Rationalization Prevention
| Excuse | Reality |
|---|---|
| "Should work now" | RUN the verification |
| "I'm confident" | Confidence is not evidence |
| "Just this once" | No exceptions |
| "Linter passed" | Linter is not compiler |
| "Agent said success" | Verify independently |
| "Partial check is enough" | Partial proves nothing |
| "Different words so rule doesn't apply" | Spirit over letter |
Pre-Completion Self-Audit
Before you type "done", run these fast yes/no gates over your own draft. Each one has a fix — if the answer is bad, do the fix, don't ship the draft.
| Self-check | If the honest answer is "no" / "yes, I did" |
|---|---|
| Did I actually run the verification command this message, or am I asserting success from memory? | Run it now. Memory is not a test result. |
| Does every factual claim trace to output or a source I actually saw? | Cite the evidence, or cut the claim. |
| Did I invent any path, filename, symbol, table, flag, or version number? | Verify it exists, or remove it. |
| Did I quote file contents or an API signature I never opened? | Open and confirm, or stop quoting. |
| Did a search/KB lookup come back empty that I then "filled in" anyway? | Replace the fill-in with "not found in <source>". |
| Am I about to commit/push/PR on the strength of a claim I haven't proven? | Prove it first. |
Same ethos as the rest of this skill: evidence before assertions, applied to your own output one line at a time.
Key Patterns
Tests:
CORRECT: [Run test command] [See: 34/34 pass] "All tests pass"
WRONG: "Should pass now" / "Looks correct"
Regression tests (TDD Red-Green):
CORRECT: Write → Run (pass) → Revert fix → Run (MUST FAIL) → Restore → Run (pass)
WRONG: "I've written a regression test" (without red-green verification)
Requirements:
CORRECT: Re-read plan → Create checklist → Verify each → Report gaps or completion
WRONG: "Tests pass, phase complete"
Agent delegation:
CORRECT: Agent reports success → Check VCS diff → Verify changes → Report actual state
WRONG: Trust agent report at face value
Live-App Rubric Verification (optional)
When the success criterion is behavioral or visual (a UI flow, a generated app, a multi-step interaction), a pass/fail command is not enough — the proof is the running app, observed. Use a weighted rubric instead of a single assertion:
Define the rubric BEFORE building — 3–6 criteria, each with a weight and an explicit pass bar. Example:
Criterion Weight Pass bar Core flow completes end-to-end 0.40 No error, reaches success state Empty / loading / error states render 0.25 All three visible Matches the requested layout 0.20 No major deviation No console errors 0.15 Console clean Launch the app and observe — actually run it and capture the behavior (screenshot, console, network). Do not infer from the source.
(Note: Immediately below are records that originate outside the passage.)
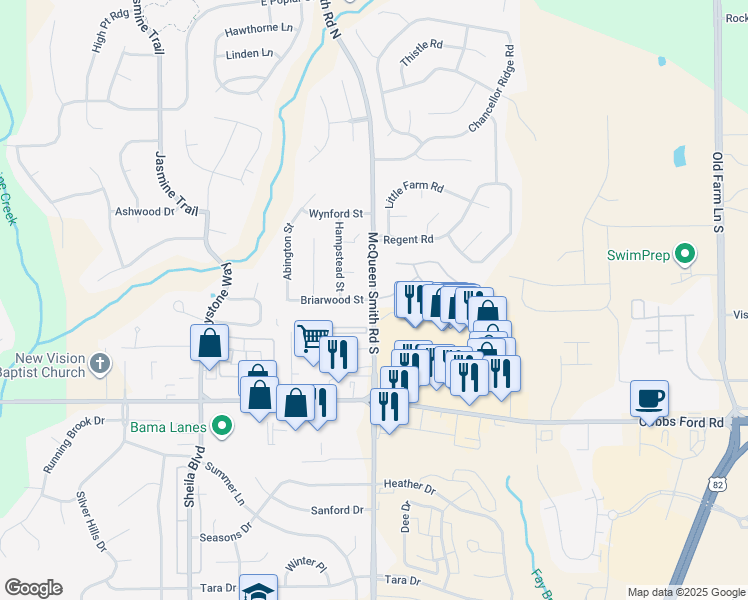 map of restaurants, bars, coffee shops, grocery stores, and more near Briarwood Street in Prattville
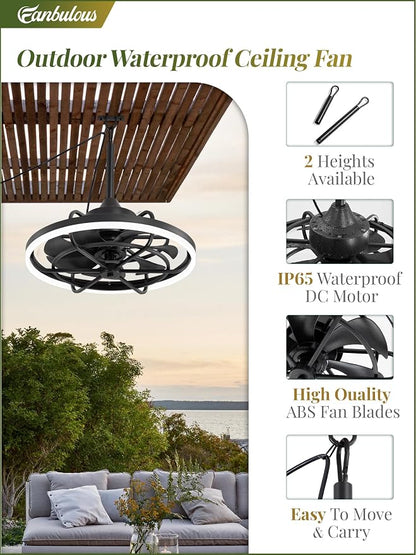 Fanbulous Outdoor Ceiling Fans with Light for Patios, 24" Weatherproof Plug in Ceiling Fan, Gazebo Fan Remote&APP Control, 3CCT Dimmable,Caged Ceiling Fan with Hanging Hook for Porch, Pergola,Canopy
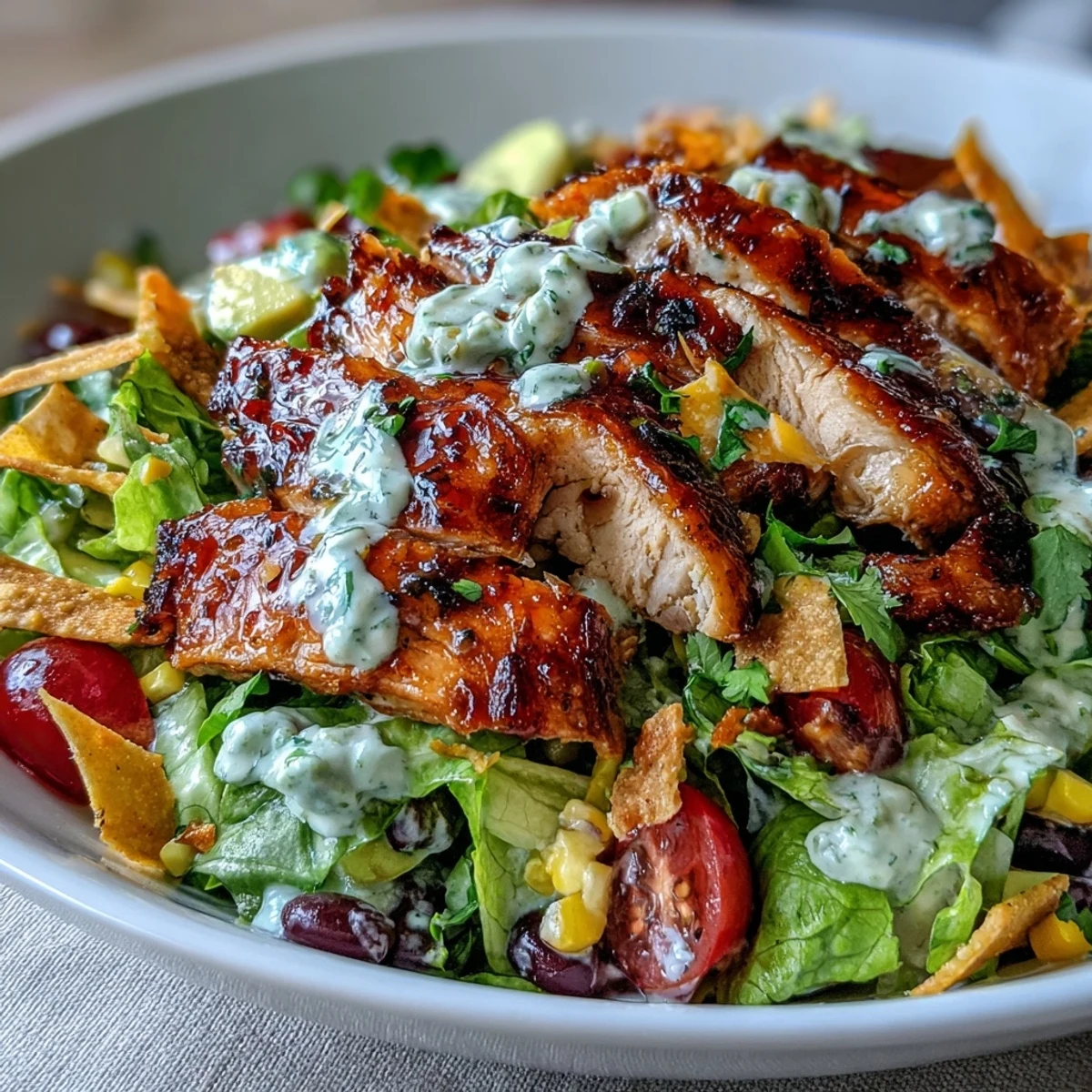 A close-up of a Honey Lime Chicken Taco Salad with grilled chicken, corn, black beans, and avocado on romaine lettuce.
Score with a fresh evaluator — have an independent agent grade the observed behavior against the rubric, not the implementer who wrote it (self-grading anchors high). Compute the weighted score.
Gate on the threshold — below the bar (e.g. < 0.8) the claim is NOT verified: list the failing criteria as concrete defects and iterate. At or above the bar, state the score WITH the captured evidence.
The rubric is the verification command for work that has no green/red exit code. The same Iron Law applies: observed evidence before the claim, every time.
Constitutional Anchors
This skill enforces Constitution Art. VI.4 (Verify Before Claiming Done). The diff re-read is not optional: before any completion claim, confirm no orphaned references, no missing test coverage for changed paths, no stale docs. A task is not done while any of those exist.
The Bottom Line
Run the command. Read the output. THEN claim the result.
This is non-negotiable.